Now, gentlemen, in signing for your land, I must remind you that you are agreeing to certain conditions of the Mexican government here. First, that you must improve and cultivate the land. But before long, they outnumbered native Mexicans ten to one, and had built a little America with their own customs, language and religion. Fearing it would lose Texas, the Mexican government shut the border and tried to impose its will on the rebellious immigrants. The response of the American settlers, on March the 2nd, 1836, was to declare independence from Mexico. War was the only option left to the Mexicans to reclaim their Texas.
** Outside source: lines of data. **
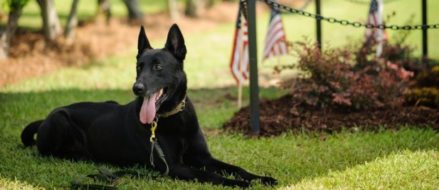 Airborne & Special Operations Museum to honor K-9 Warriors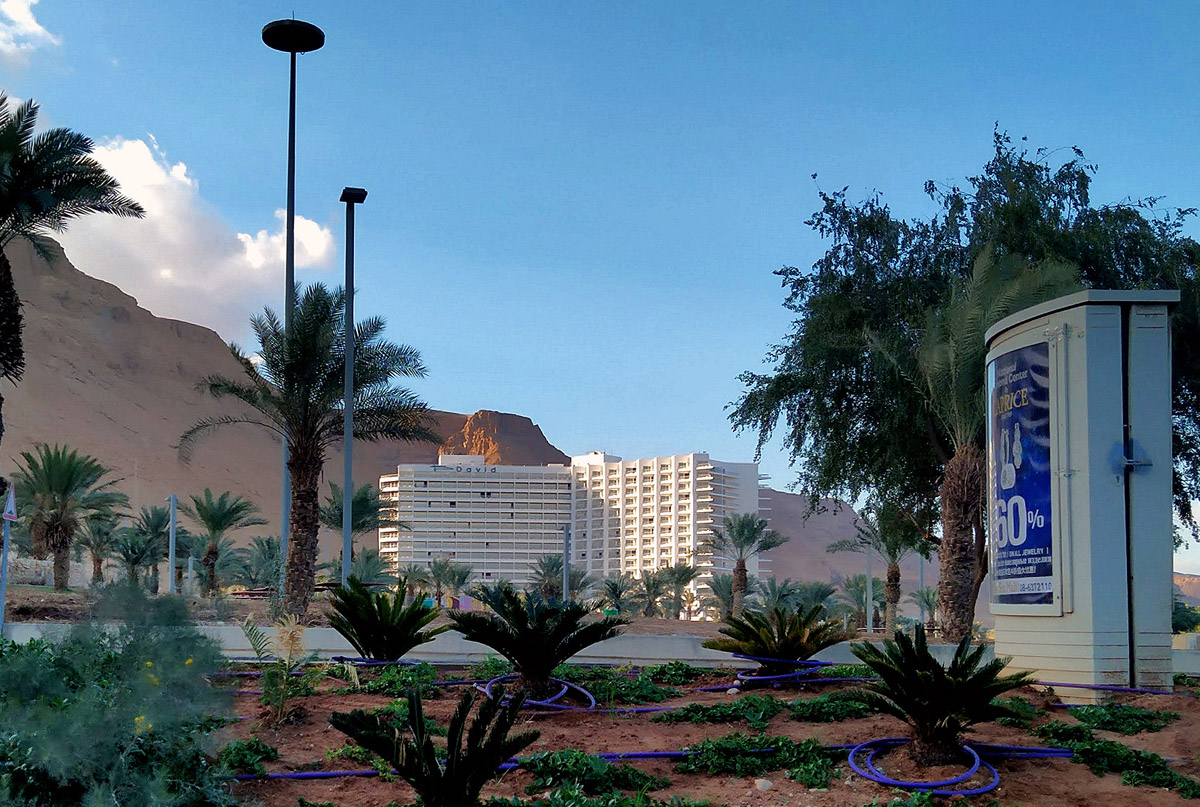 Эйн-Бокек, David Dead Sea Resort & Spa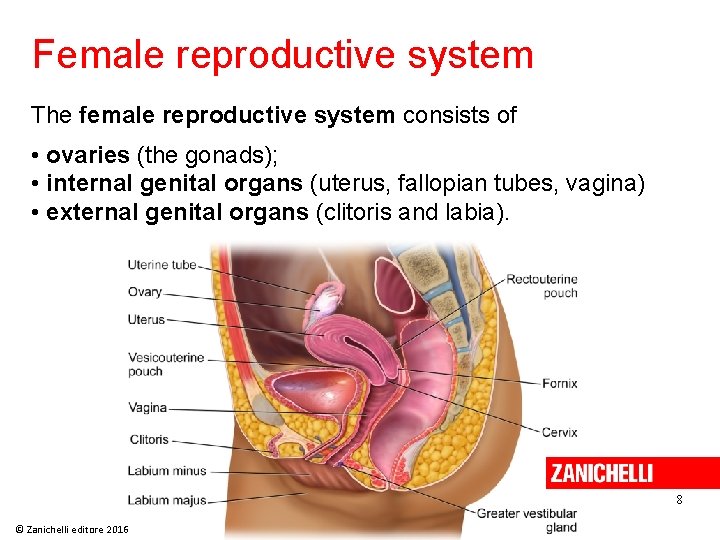 Female reproductive system The female reproductive system consists of • ovaries (the gonads); •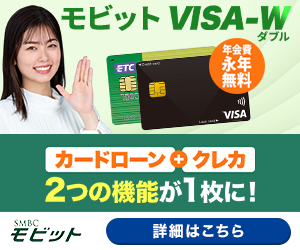 モビット VISA-W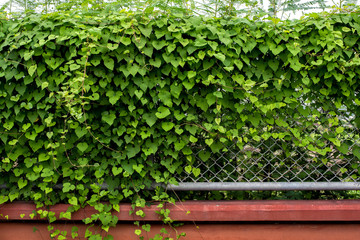 green ivy on Steel grid fence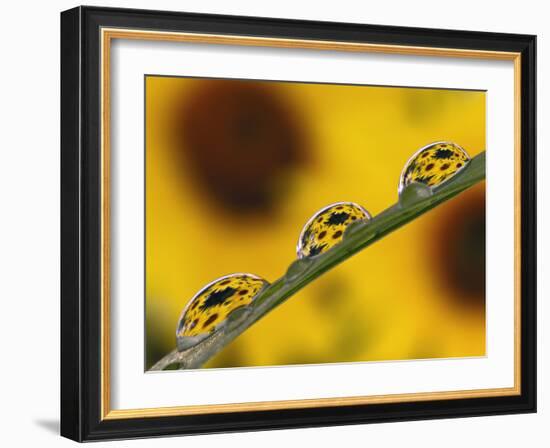 Black Eyed Susans Refracted in Dew Drops on Blade of Grass-Adam Jones-Framed Photographic Print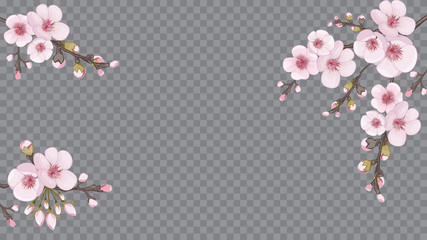Handmade background in oriental style. Festive frame horizontal of sakura flowers. Magenta on white fond. Design element for fabric, invitations, packaging, cards.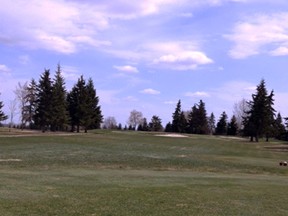 The new, two-coloured tee boxes that have been put into play at the Stony Plain GC. - Gord Montgomery, Reporter/Examiner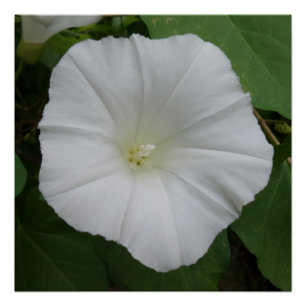 Fleur blanche 20" x 20", Poster Papier, Semi-brill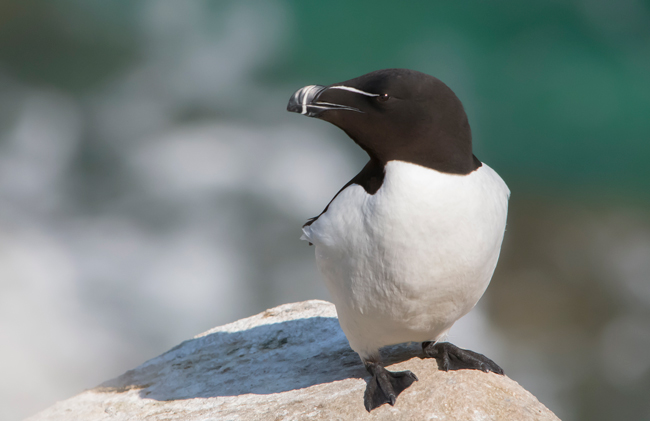 Alca torda (Alca torda)<br />
Javier Valls<br />
Saltee Island, Irlanda<br />
mayo 2023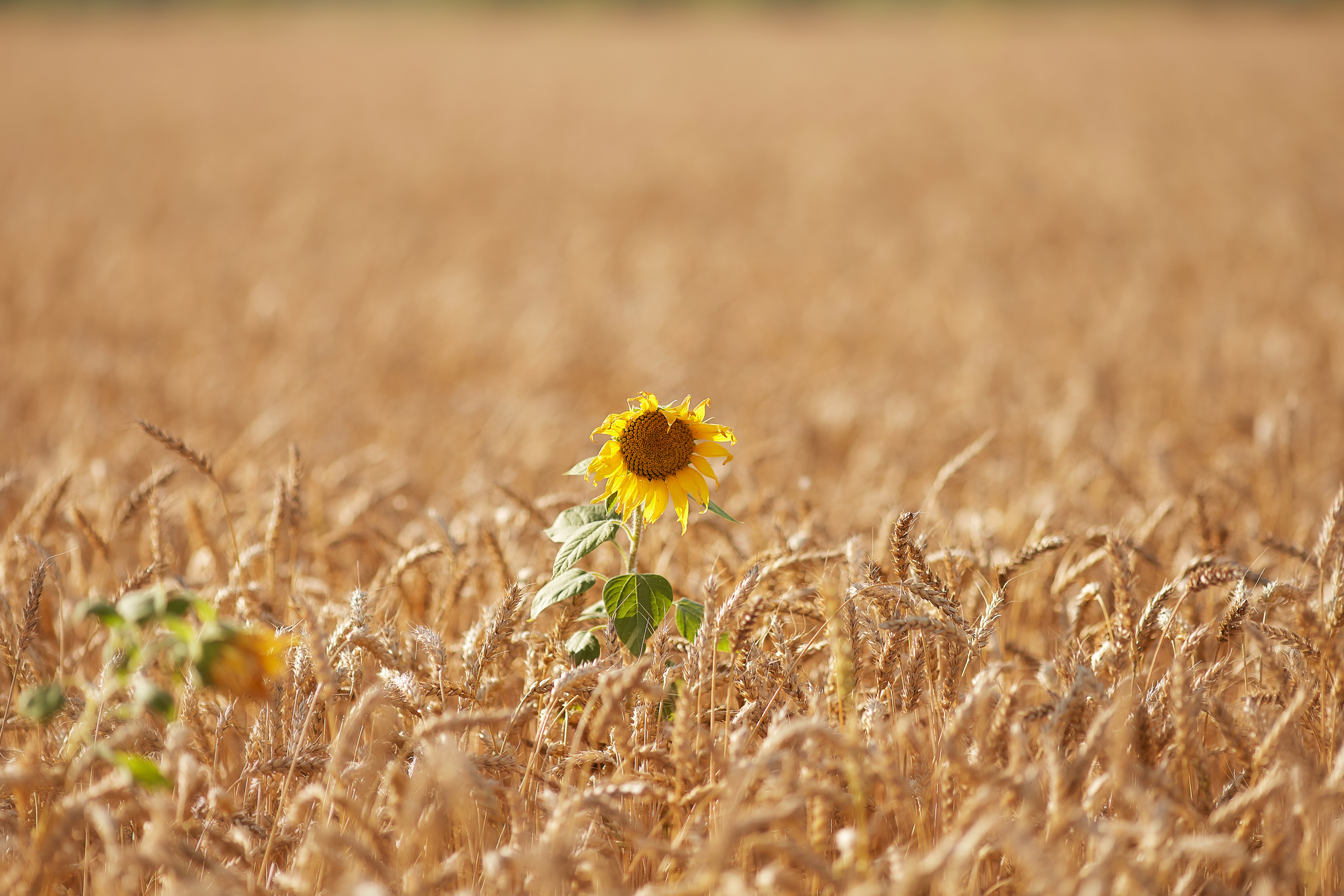 Пшеничное поле. Дарья Белякова. Свадебный, детский и семейный фотограф в городе Бийск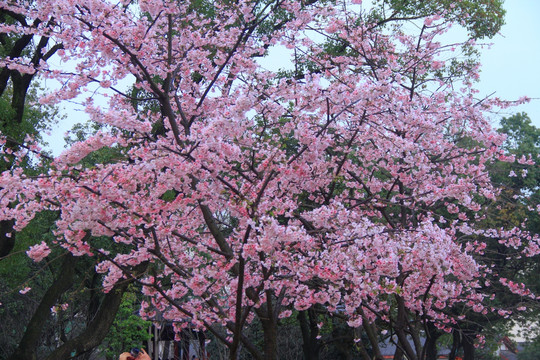 早樱樱花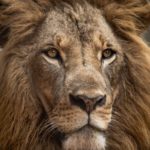 Close-up of a lion, representing Jesus as the Lion of Judah who has overcome Satan, sin, and death.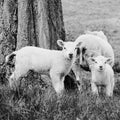 Sheep and two lambs chewing on spring grass Royalty Free Stock Photo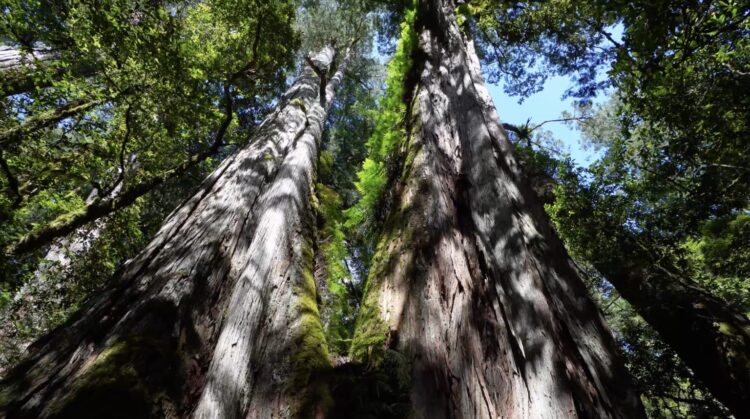 調查「桃山神木」谷地195棵樹木 臺灣巨木森林碳吸存破世界紀錄 調查「桃山神木」谷地195棵樹木-臺灣巨木森林碳吸存破世界紀錄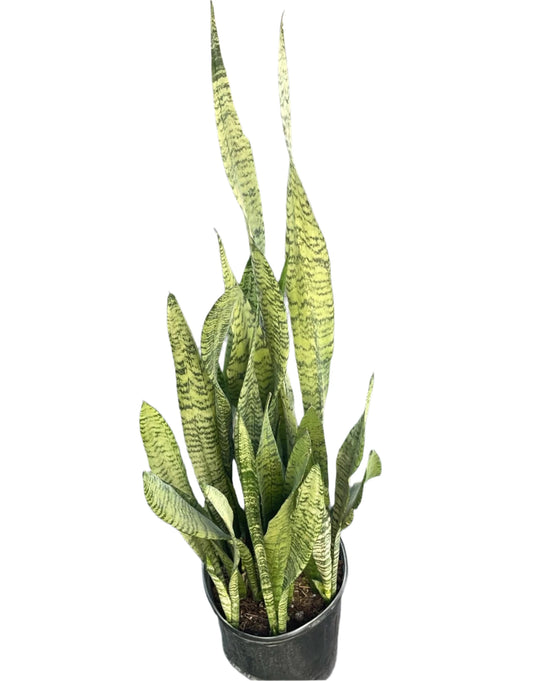 SANSEVIERIA ZEYLANICA 10" POT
People around here like to say that everything in Texas is really big. And when you see a monument this colossal, you know it's got to be important, not just for the history of Texas, but for the history of the country. But to tell the truth, the Battle of San Jacinto, fought on April the 21st, 1836, wasn't that much of a battle at all. The Texans under General Sam Houston simply fell upon the Mexican army as it was taking its afternoon snooze, massacring almost seven hundred of them to just two Texan fatalities. But if the battle itself wasn't that important, the results certainly were. The scale of the rout suddenly made it seem that Mexico was a soft kill. And it wasn't going to be long before a land grab south of the border became well-nigh irresistible. The walkover in Texas fed American ambition. It confirmed to all red-blooded Americans that this was their continent, this was their time, and no inferior races were going to stand in their way. Manifest Destiny was the new cry heard right across America. The idea that America's racial superiority made it her God given right to expand across the continent.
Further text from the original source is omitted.